Questa non è una leggenda marinaresca, ma un fatto vero: due naufraghi dopo 33 giorni in mare sono approdati su un'isola distante 560 chilometri dal luogo di partenza e lì hanno trovato... un cugino, figlio di uno zio naufragato sulla stessa costa mezzo secolo prima.
Anno 2011, due pescatori di Tarawa Sud (nelle isole Kiribati in Oceania) partono per un viaggio di poche ore, e si ritrovano, dopo 33 giorni alla deriva, su un atollo sconosciuto. E lì scoprono che un loro parente, dato per disperso mezzo secolo prima, aveva vissuto la stessa drammatica avventura, poi in quell'atollo remoto aveva deciso di mettere radici.

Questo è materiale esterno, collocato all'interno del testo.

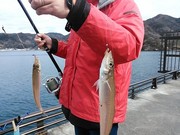 画像(180x135)・拡大画像(480x360)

Le cose sono andate così: il 22 ottobre Uein Buranibwe di 53 anni, e il nipote Temaei Tontaake di 26, salpano con un piccolo barchino, con l'intenzione di rientrare la sera stessa. Ma il destino ha deciso diversamente: il GPS si scarica, e il mare gira a burrasca e li trascina lontano.

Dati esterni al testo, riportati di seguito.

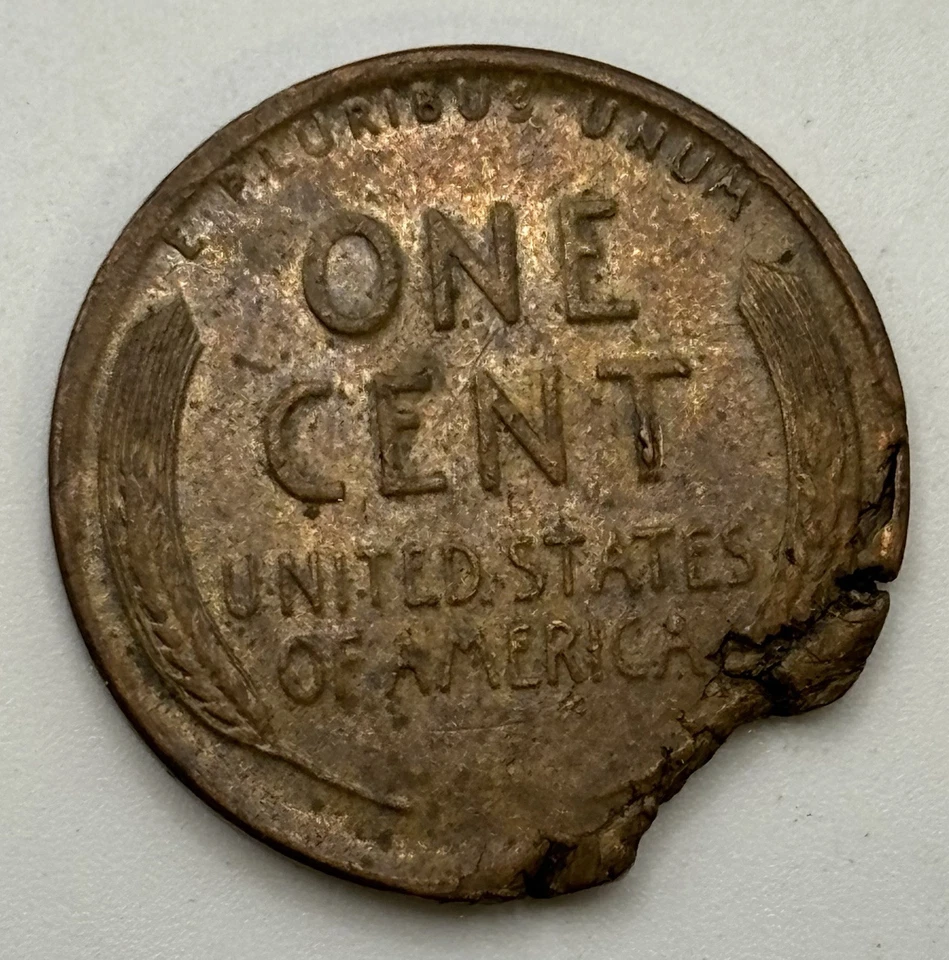 1958-D  Lincoln Wheat cent - Ragged Clip (Defective Planchet) Error X-430 - Image 2 of 2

Per settimane i due sopravvivono mangiando tonno crudo stracciato e sminuzzato con le mani e bevendo qualche goccia di pioggia raccolta al volo. Quando il cielo si ostina a restare limpido, sono costretti a bere acqua salata, tra nausea e vertigini. La Guardia costiera li cerca invano: dopo dieci giorni sospende le ricerche, convinta che siano morti.
E invece il 24 novembre una barca da pesca delle Isole Marshall li avvista vicino all'atollo di Namdrik. Scheletrici, barbuti, gli occhi segnati dalla fame. I pochi abitanti dell’atollo, incuriositi, li accolgono e li portano dall’unica persona che sembra comprendere la loro lingua.
Ed è lì che arriva la sorpresa: il “traduttore” si rivela essere il figlio di un certo Bairo, zio di Temaei, che negli anni Cinquanta era sparito in mare e che tutti a Kiribati avevano dato per disperso e poi pianto come morto. Bairo invece era sopravvissuto: aveva affrontato la sua odissea seguendo la stessa corrente, fino a sbarcare proprio a Namdrik. Qui evidentemente si era trovato bene, si era sposato e aveva avuto dei figli.
Anche Uein e Temaei, festeggiati da tutta l'isola, si fermano per un mese. Ma non per loro scelta: l’unico aereo è a terra per manutenzione. Ma in fondo, racconteranno, nessuno dei due ha fretta di tornare a casa. Dopo aver visto la morte in faccia nei lunghi giorni in mare, e le sorprese che gli ha riservato il destino una volta approdati, il tempo per loro ha preso tutto un altro ritmo.